== Recorded data ==
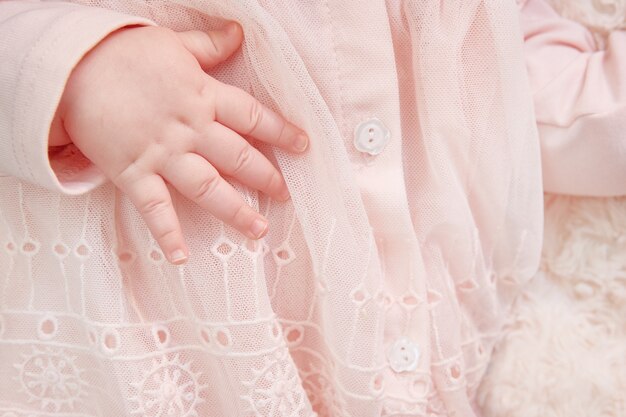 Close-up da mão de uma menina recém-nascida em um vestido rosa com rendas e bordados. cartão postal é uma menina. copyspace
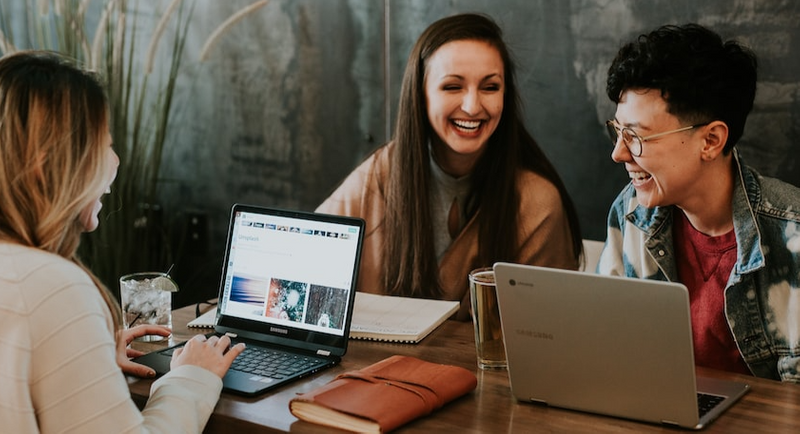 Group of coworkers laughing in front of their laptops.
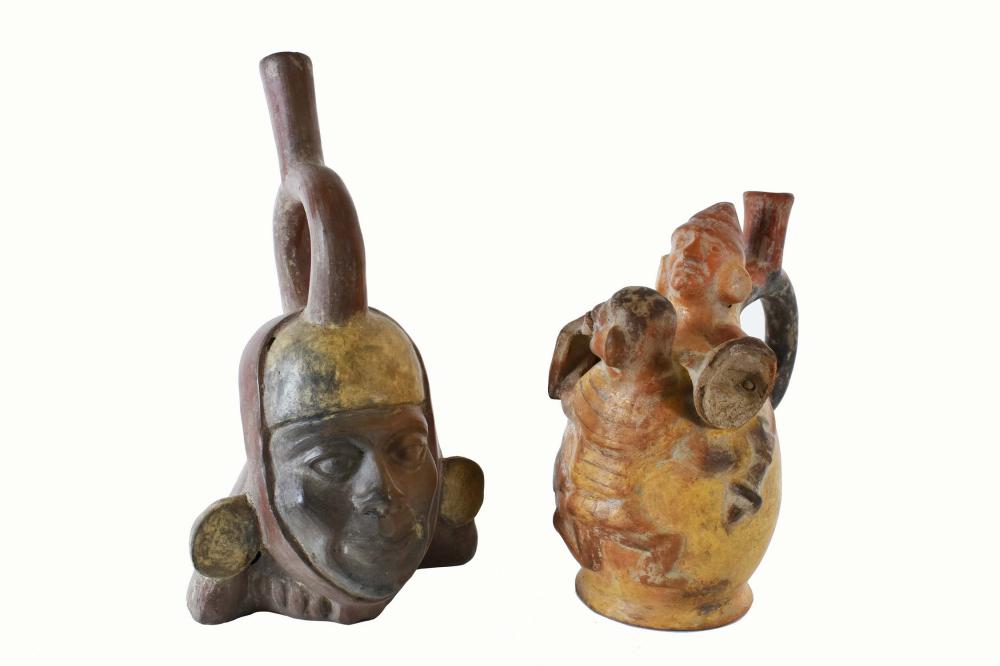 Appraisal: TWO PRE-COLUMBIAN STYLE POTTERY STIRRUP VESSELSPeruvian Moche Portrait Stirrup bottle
===
• **Exercise aim**
The complete listing must be transcribed verbatim, and all pictures are to be omitted.

• **Reply to the task**
 Close-up da mão de uma menina recém-nascida em um vestido rosa com rendas e bordados. cartão postal é uma menina. copyspace
 Group of coworkers laughing in front of their laptops.
 Appraisal: TWO PRE-COLUMBIAN STYLE POTTERY STIRRUP VESSELSPeruvian Moche Portrait Stirrup bottle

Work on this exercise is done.